Demanding patients? Analysing the use of primary care.

Nigel Stott

Professor of General Practice, College of Medicine, University of Wales

‘Demanding patients?’ is an eye-catching title which has been prepared by three social scientists for Open University Press. The topic is of core importance to all who work or plan in the primary care sector. ‘Help-seeking behaviour’ is a less emotive phrase that is integrated widely into the world literature on primary health care and highlighted in the 1997 MRC Topic Review on Primary Care as an area of research importance. It is important theoretically and its practical applications are vital to some of the biggest controversies in the world's health services.

The three authors provide a fairly comprehensive analysis of the policy context, influences and approaches to understanding demand and use of services. In Part II, they address lay action in the formulation of demand and, in Part III, they deal with mediating demand in primary care. Extensive references are provided. As a book, it is well written, well reasoned and persuasive, but the perspective is from social science.

Will this book become a text for primary care? Here the reviewer runs into many problems because the authors have not familiarized themselves with much of the relevant literature from primary care and so comments and expectations often are clouded by limited perspectives in the practical arena of care delivery.

The authors do convey a sense of the complexity of the determinants of help seeking both within the Health Service and outside it. This understanding is helpful and accurate. However, discussion of some of the important early literature on help-seeking patterns is omitted and the importance of the general practice ‘gatekeeper’ role in the pre-1990 NHS is addressed inadequately. Pleuralism in primary care delivery since 1990 is discussed, but the impact that this has had on effective gatekeeping to the expensive secondary services is a neglected area in this text. The politician's focus on hospital waiting lists/times has become an important factor influencing UK health care delivery and help-seeking patterns, but the distortions and managerial variances that this has produced are not discussed adequately.

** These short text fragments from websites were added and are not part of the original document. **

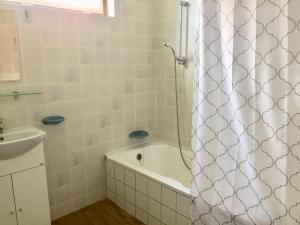 Koupelna v ubytování Lelle-kert Apartman 01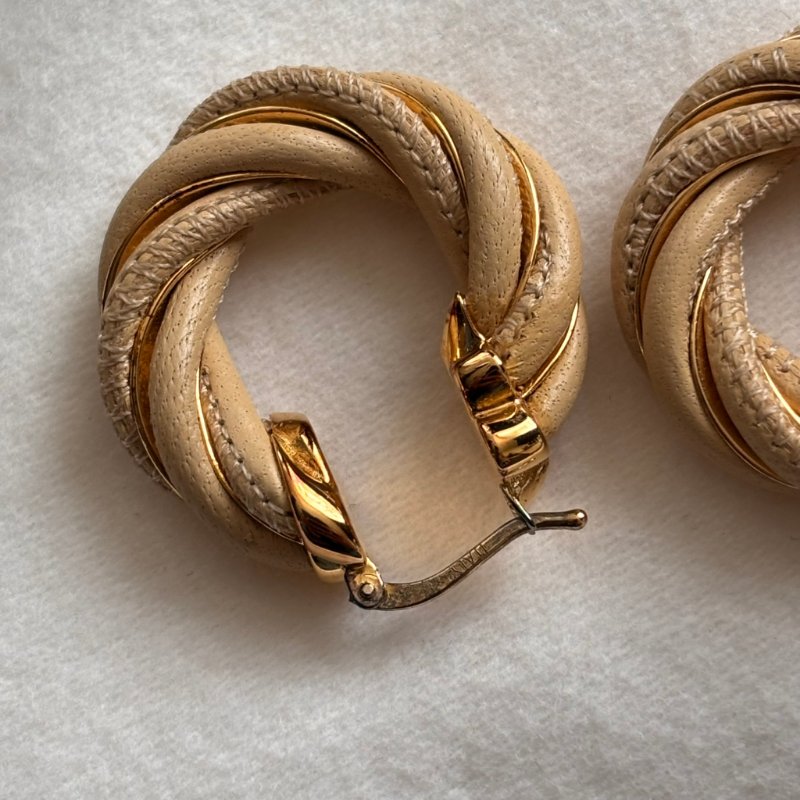 ::BOTTEGA VENETA:: BV 奶茶色麻花皮革圈型耳環 Earrings-5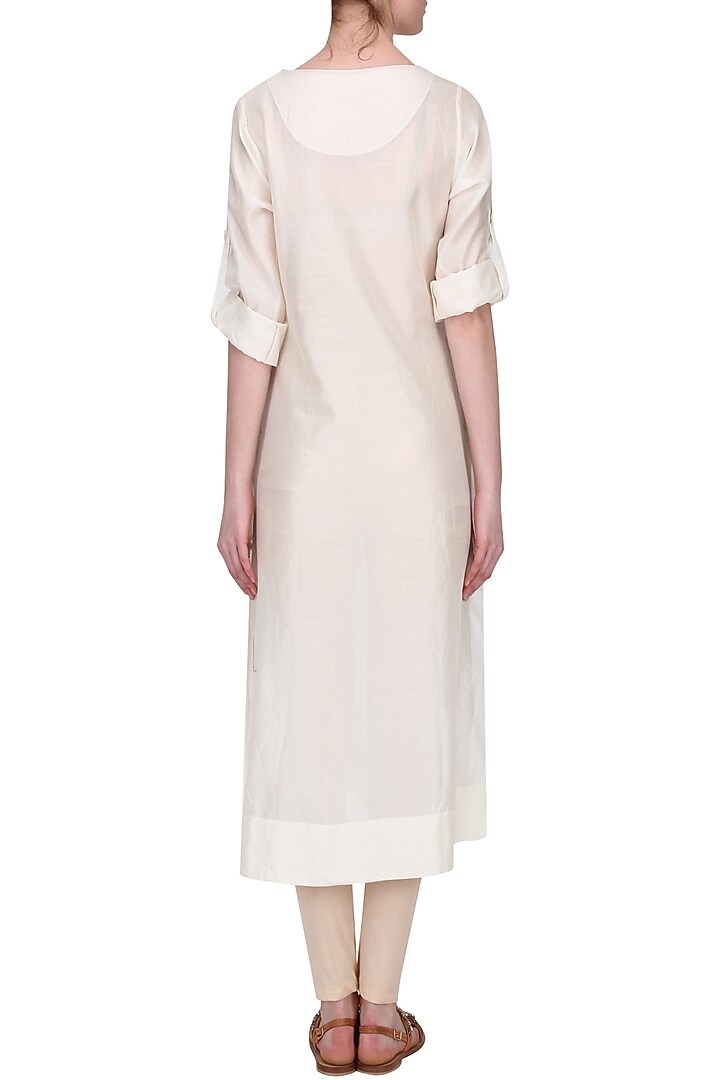 Off White thread embroidered tiered kurta available only at Pernia's Pop Up Shop.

The concept of ‘epidemic distress' caused by medical misinformation is also not considered. Yet the 1990s were characterized by health services becoming politicized with multiple impacts on help-seeking patterns. In the 1970s, the medical profession came under justifiable attack from for the ‘pill for every ill' approach to illness. This was debated widely and the pharmaceutical industry was also encouraged to desist from pharmaceuticalization of minor ailments. Yet in the 1990s, the nation's pharmacies rose to the politicians' call for pleuralism and they are trying to re-establish this market niche. It is unhelpful if academic commentators appear to be uncritical of this change among the entrepreneurs and among many politicians. Despite these criticisms and omissions, I would recommend this text to postgraduate students but I would temper the recommendation by encouraging students to embark on a vigorous search for the missing elements that are vital to understanding help-seeking behaviour in the year 2000. As a piece in the jigsaw, the book is useful, but it is not the authoritative overview I had hoped for.

Notes

A Rogers, K Hassell, G Nicolaas. (270 pages, paperback £16.99, hardback £50.) Open University Press, 1998. ISBN paperback 0-335-20090-7, hardback 0-335-20091-5.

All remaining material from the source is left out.